AIM OF THE EXERCISE :: Using the data below, print exactly the line with "1man, boy, male, black", the line with "TN license plate B9452M", and every line between them, but none of the pictures.

MATERIALS PROVIDED ::
☆ ☆ ☆ ☆

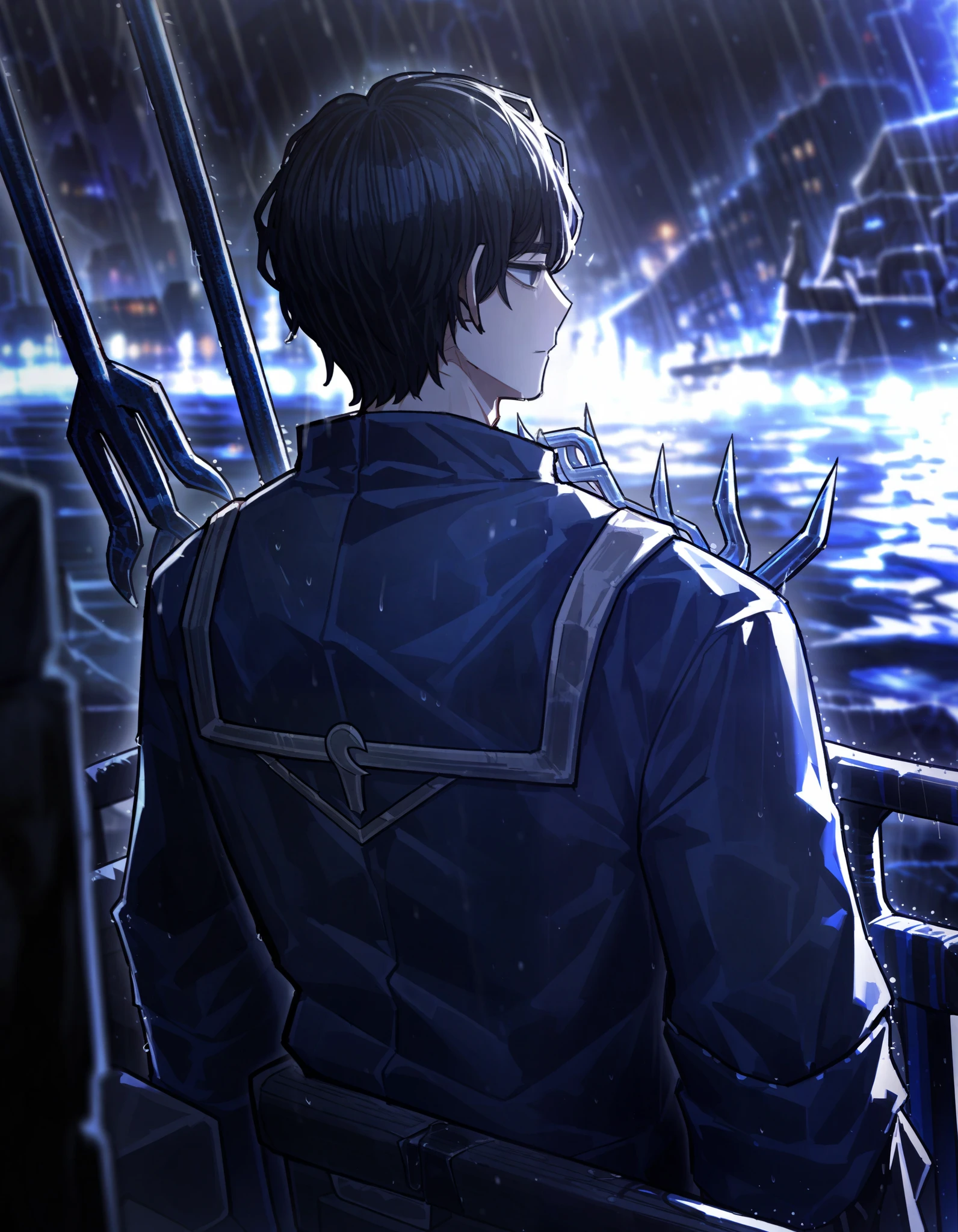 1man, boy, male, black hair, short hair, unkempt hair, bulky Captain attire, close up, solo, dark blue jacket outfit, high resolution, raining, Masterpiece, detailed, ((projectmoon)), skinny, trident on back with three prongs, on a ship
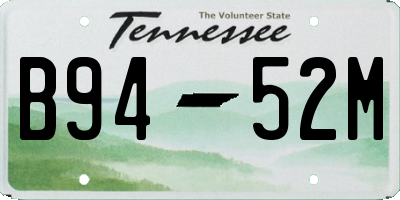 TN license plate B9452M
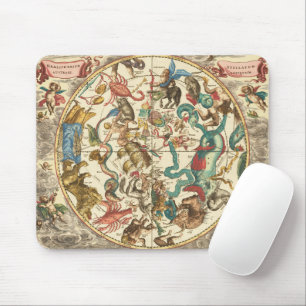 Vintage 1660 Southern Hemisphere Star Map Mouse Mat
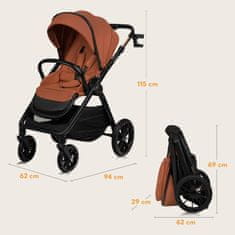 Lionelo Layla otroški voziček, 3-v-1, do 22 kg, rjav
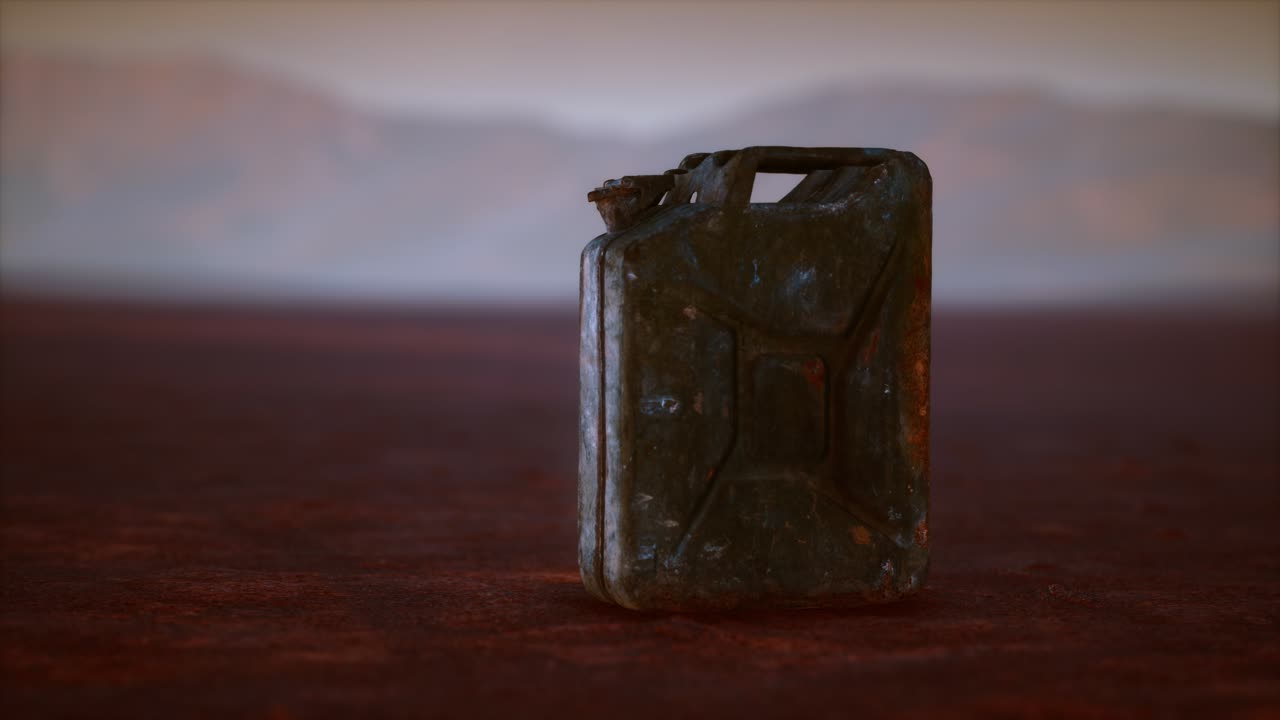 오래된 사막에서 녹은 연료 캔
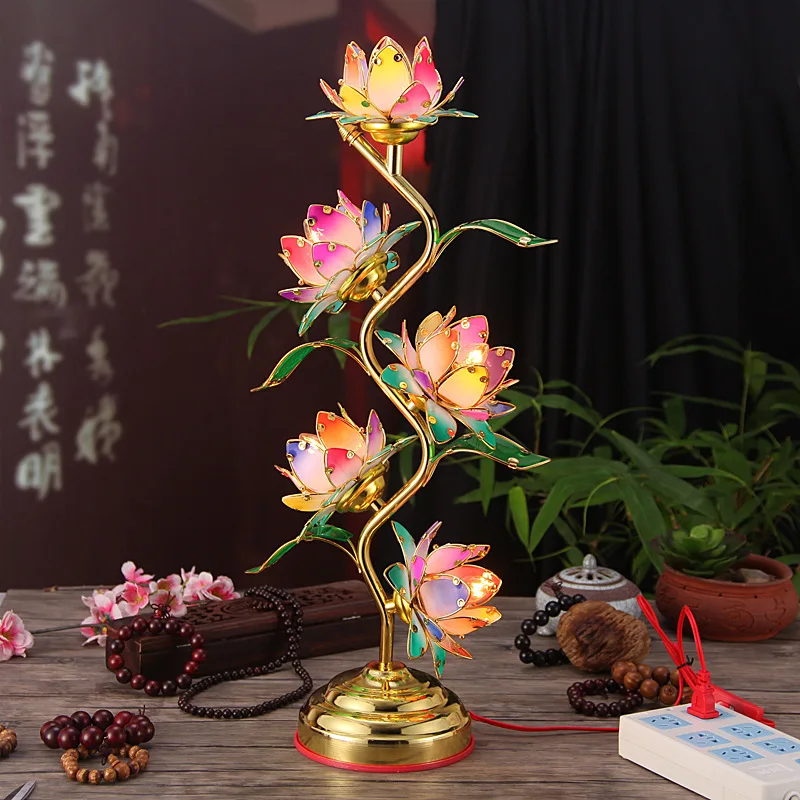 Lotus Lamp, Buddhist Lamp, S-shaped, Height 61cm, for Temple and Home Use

☆ ☆ ☆ ☆

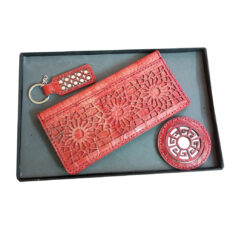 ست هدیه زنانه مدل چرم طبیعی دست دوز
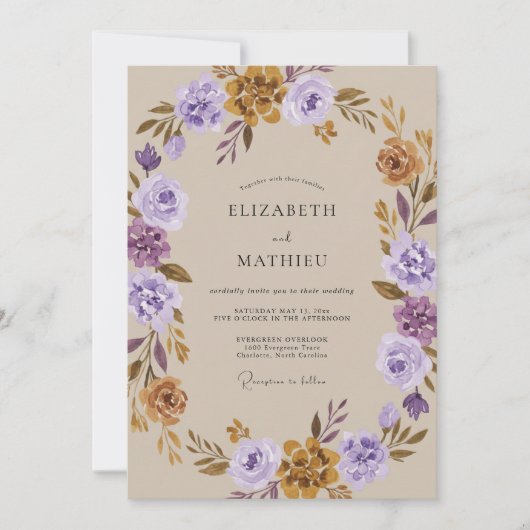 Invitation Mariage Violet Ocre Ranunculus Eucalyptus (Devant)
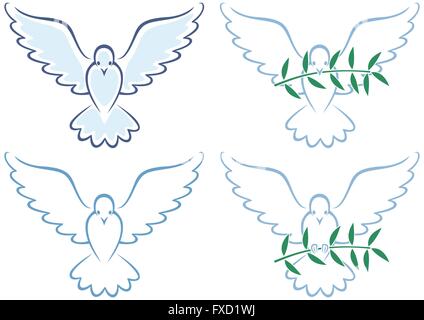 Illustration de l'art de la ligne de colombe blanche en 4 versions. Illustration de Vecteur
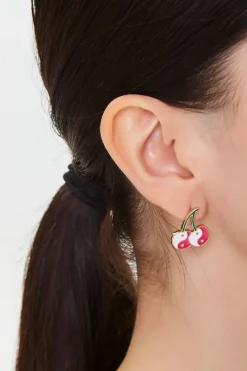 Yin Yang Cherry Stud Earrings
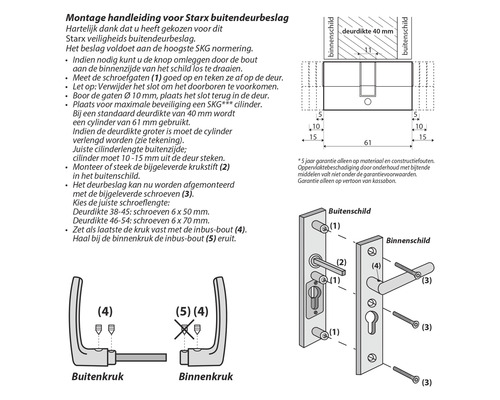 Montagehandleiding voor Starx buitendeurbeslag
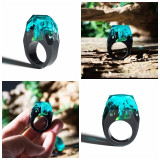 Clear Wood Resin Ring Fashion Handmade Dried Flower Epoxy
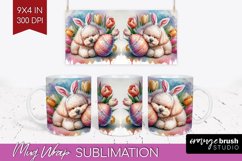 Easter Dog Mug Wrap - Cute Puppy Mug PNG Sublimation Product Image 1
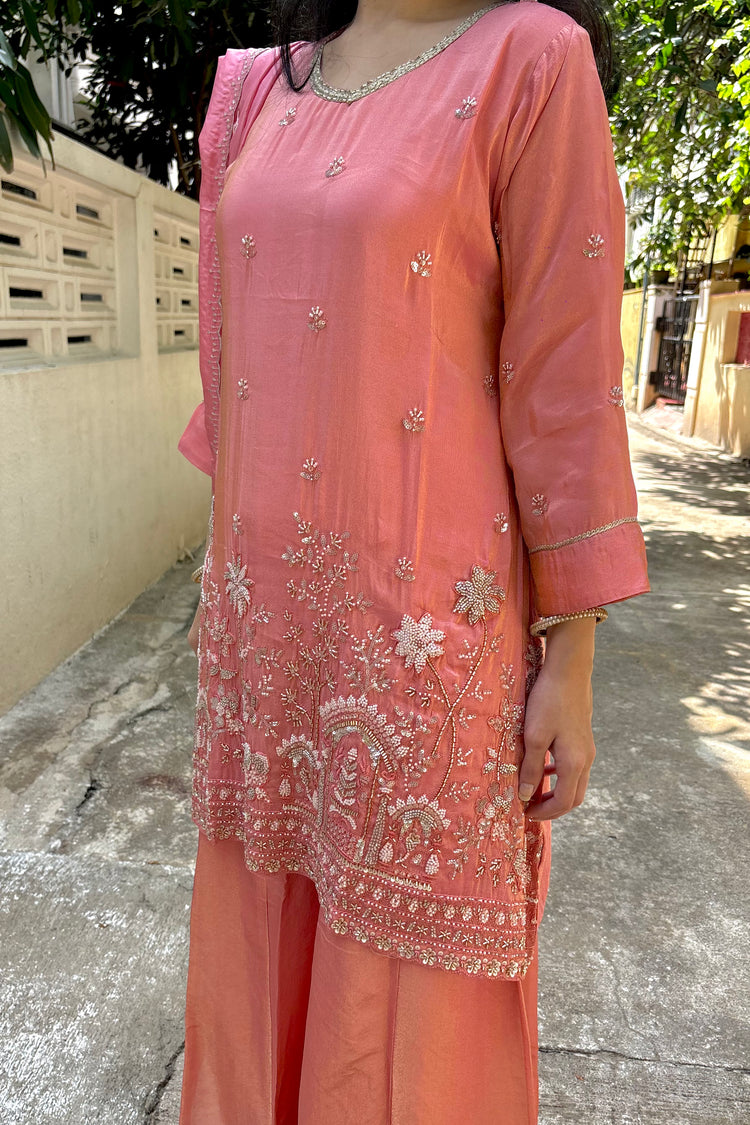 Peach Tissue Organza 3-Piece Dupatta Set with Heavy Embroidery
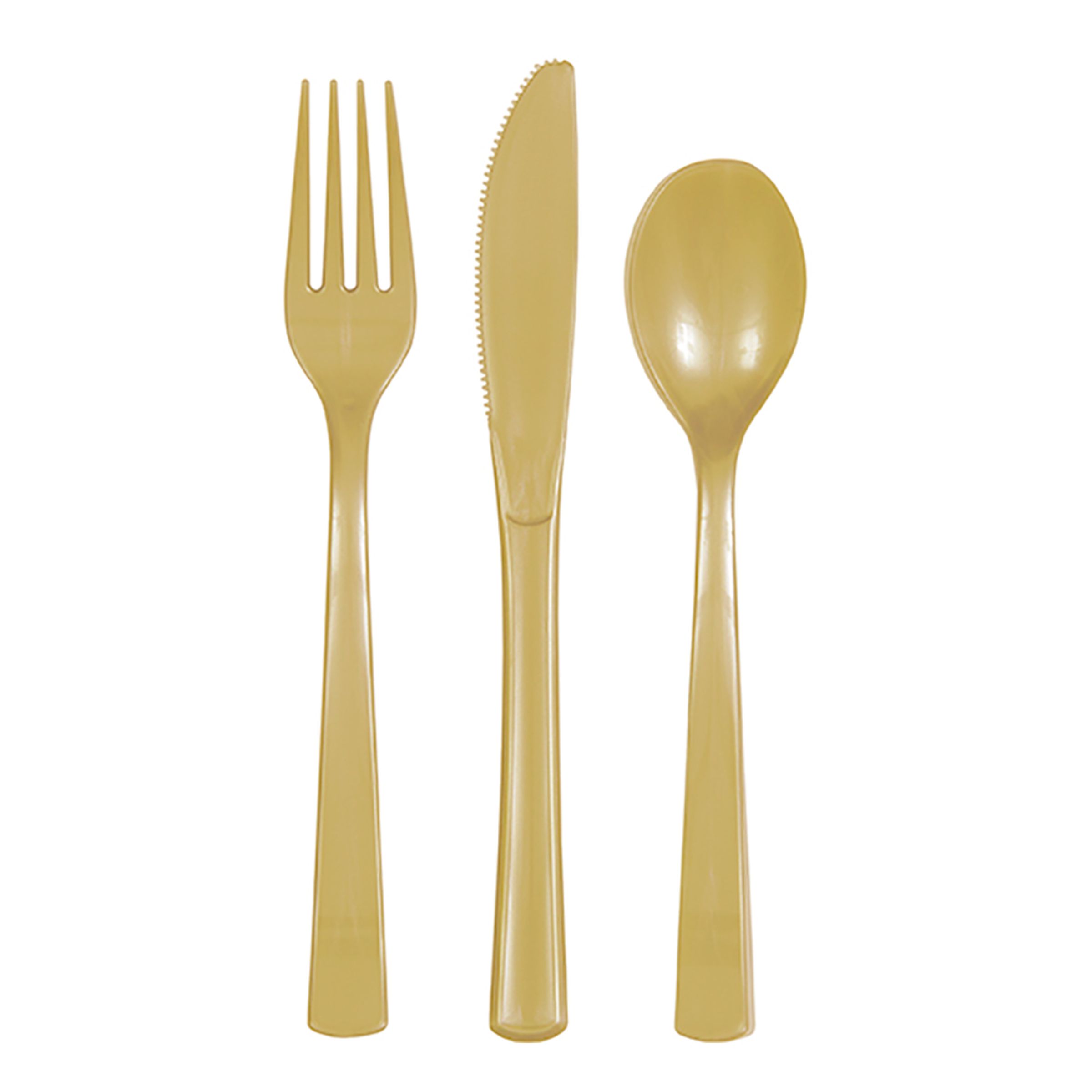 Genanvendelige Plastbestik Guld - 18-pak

☆ ☆ ☆ ☆

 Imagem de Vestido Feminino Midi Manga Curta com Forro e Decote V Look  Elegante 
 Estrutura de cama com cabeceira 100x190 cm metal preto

☆ ☆ ☆ ☆

EXPECTED OUTPUT ::
 1man, boy, male, black hair, short hair, unkempt hair, bulky Captain attire, close up, solo, dark blue jacket outfit, high resolution, raining, Masterpiece, detailed, ((projectmoon)), skinny, trident on back with three prongs, on a ship
 TN license plate B9452M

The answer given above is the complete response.